En este punto, llaman la atención
dos aspectos de la Ley 27/2013, de 27 de diciembre. El primero, su insistencia
en condicionar y restringir al máximo posible la iniciativa económica pública
reconocida en el art. 128.2 de la Constitución. Para esta norma, no sólo la
“iniciativa pública para el desarrollo de actividades económicas” debe
presuponer “el cumplimiento del objetivo de estabilidad presupuestaria y de la
sostenibilidad financiera”, sino que sólo puede producirse “tras un análisis de
mercado relativo a la oferta y demanda existente, a la rentabilidad y a los
posibles efectos sobre la concurrencia empresarial”. Es una opción clara por
favorecer la iniciativa económica privada, que se liga a la limitación de
autorizaciones administrativas para el desarrollo de determinadas actividades
económicas y a la supresión de monopolios municipales sobre ciertos servicios,
en una línea ya iniciada hace tiempo que coincide con la política de
privatizaciones en general y que entrega a la libre empresa la satisfacción de
necesidades sociales sobre criterios de rentabilidad económica y no de
productividad social.
El segundo punto reposa en la
omisión plena en la ley de cualquier alusión a la participación ciudadana en la
determinación de los servicios, en su eficiencia y en su funcionalidad.

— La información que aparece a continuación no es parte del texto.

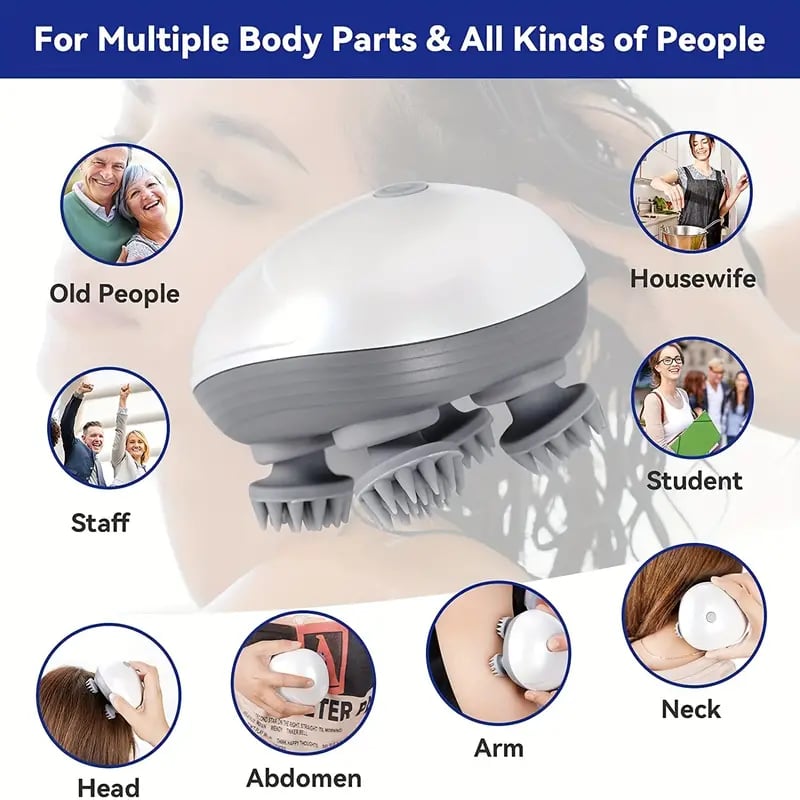 AquaSoothe™ Waterproof Scalp Massager - Deep Tissue Relaxation for Head, Neck, and Body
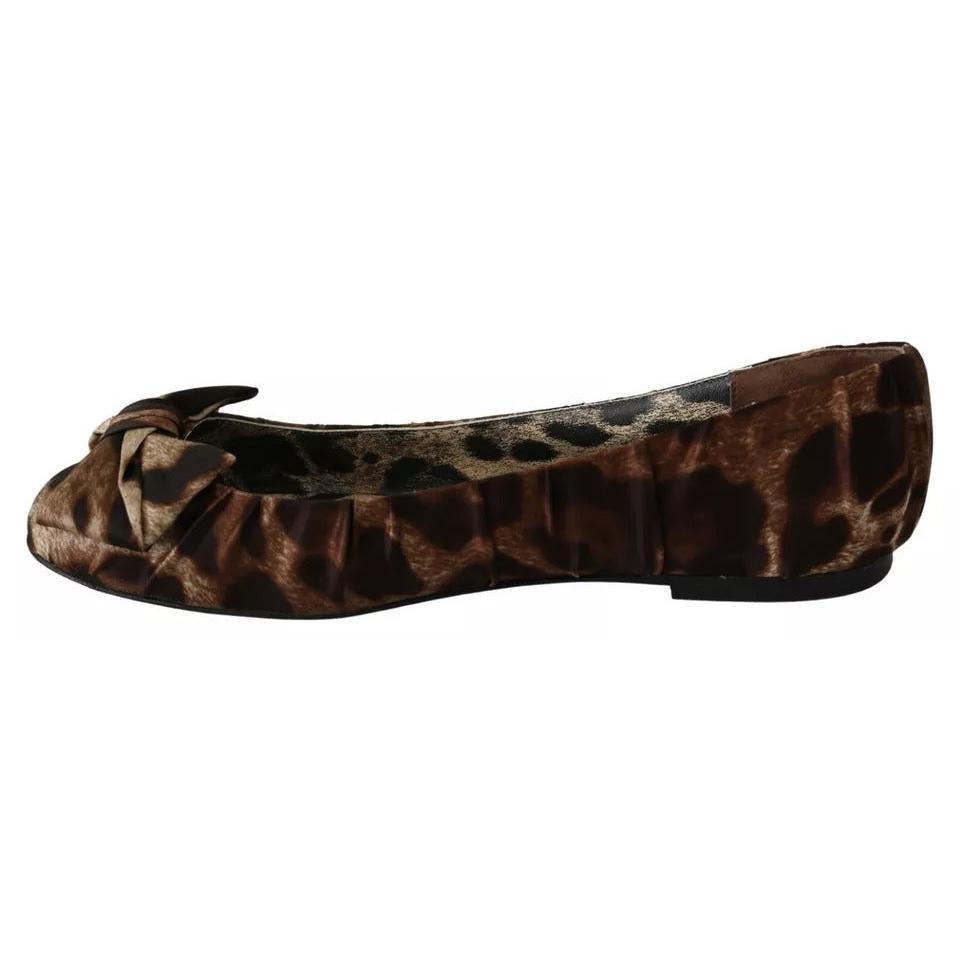 Dolce &amp; Gabbana Brown Leopard Silk Ballerina Flats Shoes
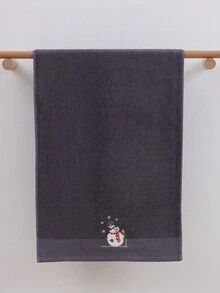 QIBHI 3/2/1pc Christmas Snowman Embroidered Bath Towel/Hand Towel, Christmas Gift, Couple Matching Party Towel/Bath Towel, Christmas Decoration Shower Towels For Beaty Salon, Hotel Sports, Home Essentials, Towel, Skin Care Bath Towel Sheet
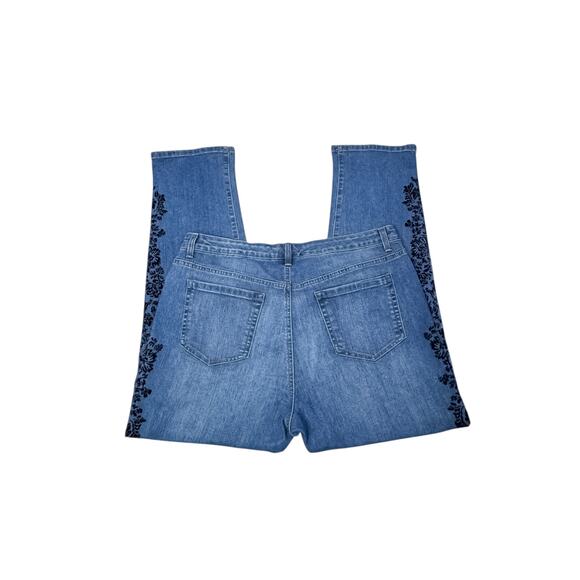 Style & Co Floral Damask Flocked Boyfriend Jeans - 14 - Picture 2 of 9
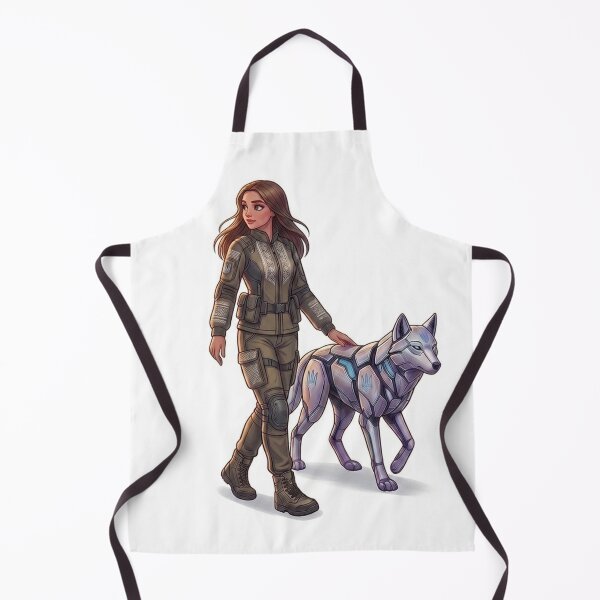 Item preview, Futuristic Ukrainian Maiden and Cyber Wolf Sticker designed and sold by ElenMart.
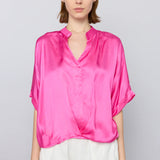 Sofia Jane Satin Blouse in azalea pink at ooh la la! in Grapevine TX 76051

Derivado de un principio democrático básico, apoyado en el art. 9.2 CE, la
participación de los ciudadanos funciona como un elemento derivado de la
participación política reconocida como derecho fundamental, pero en tanto tal
no aparece en la norma. Lo que implica que la “racionalización” de las
competencias municipales y el control de los servicios que prestan los entes
locales está concebido en la ley como un proceso de heterodirección y de
asunción de competencias por otros órganos públicos, pero sin que se deje
ningún espacio a la posibilidad de controlar la eficiencia real de los
servicios, el tipo de gestión de los mismos, o la inconveniencia de su
desaparición en el ámbito local a los ciudadanos. Este autoritarismo público
con vocación centralizadora generará sin duda momentos importantes de
confrontación ciudadana contra la toma de decisiones públicas lesivas de las
necesidades sociales. Ya se han experimentado en estos tiempos de crisis
fuertes conflictos locales en los que los ciudadanos reaccionan frente a
decisiones del poder público que desatienden sus necesidades, tanto en el plano
urbanístico como en el de la asistencia sanitaria.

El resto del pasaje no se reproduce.